Há ocasiões em que apenas sustentados pela energia da raiva podemos nos libertar de um jogo emocional doente, ou encarar uma ruptura. A raiva mobiliza, permite que levantemos do desmoronamento da tristeza, e sigamos em frente, para depois poder liberá-la também, sem endurecer no gelo da indiferença, reprimindo energia no lugar de ressoar com ela.
Só agora entendo verdadeiramente a manipulação do psicopata sedutor de que fala Lowen. É uma teia invisível, cheia de pequenos detalhes que aprisionam na ambiguidade. Quando a masoquista (complementar fundamental dessa relação) começa a afastar-se, ele vem e deixa uma insinuação pairando, como uma promessa, um beijo, uma palavra doce, uma florzinha, um mimo, e quando esta se mostra outra vez disponível, indiretamente, o sedutor vai minando, subestimando, pois tem que estar no controle, a relação não pode ser de iguais que se entregam, ele nunca se rende ao amor, e despreza quem se mostra vulnerável. Amar é como cair, soltar-se, e no âmago, isso o petrifica de medo.
A masoquista também reforça o jogo, como os ratinhos de Skinner, submetendo-se à dor na expectativa da recompensa que lhe alivia e dá um prazer momentâneo, parece amor de verdade por uns instantes, especialmente na relação sexual, mas pode ser qualquer outro aspecto da relação, ela também não se reconhece digna de reciprocidade, e no âmago despreza quem lhe dá valor, e se mostra vulnerável para entregar-se no amor.Ambos prisioneiros desse jogo intermitente de dor-prazer, não por escolha, mas porque esse mecanismo foi a forma de evitar uma enorme dor lá atrás, na infância, e tornou-se um padrão de comportamento, ativado em determinadas circunstâncias, e mesmo alternando os papéis em certos momentos.
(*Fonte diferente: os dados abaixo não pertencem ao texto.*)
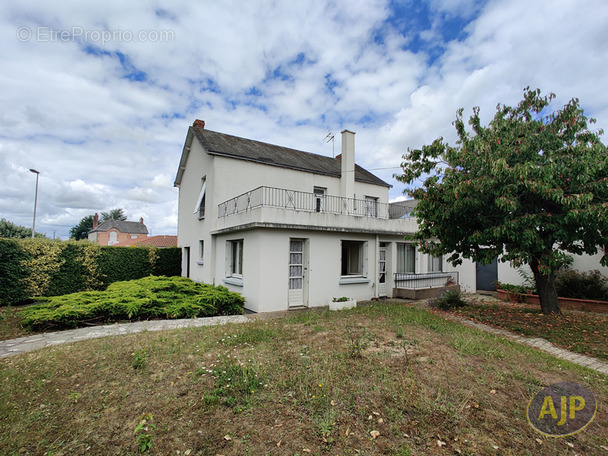 Maison à SAINT-MACAIRE-EN-MAUGES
Ok, entendo muito bem agora. Mas acho que vou precisar de uma dose extra de fluoxetina pra sair dessa, além de não ver, não ouvir, não sentir o cheiro, não entrar em contato de modo algum, como se trata um vício, enfim... e preciso de colaboração.
A minha raiva oscila... às vezes explode, quando considero o quanto fui usada, enganada, quanto me permiti sê-lo, e o quanto entrei no jogo de achar que a louca era eu, me autosabotando em meus verdadeiros sentimentos e minha intuição. Eu me enganei, querendo acreditar nas insinuantes mensagens duplas, que ele talvez encare como uma forma delicada de atenção, pois ele nunca finaliza, nem esclarece, ou assume nada com total honestidade, talvez em cartas, mas nunca no olho no olho. Faz parte de manter o controle, um modo de não permitir o distanciamento necessário. Nem a proximidade aterradora da sinceridade.
Tudo isso é carência. Carência de amor, medo da entrega.
Observe um casal dançando o tango, isso deve tornar mais claro o que digo.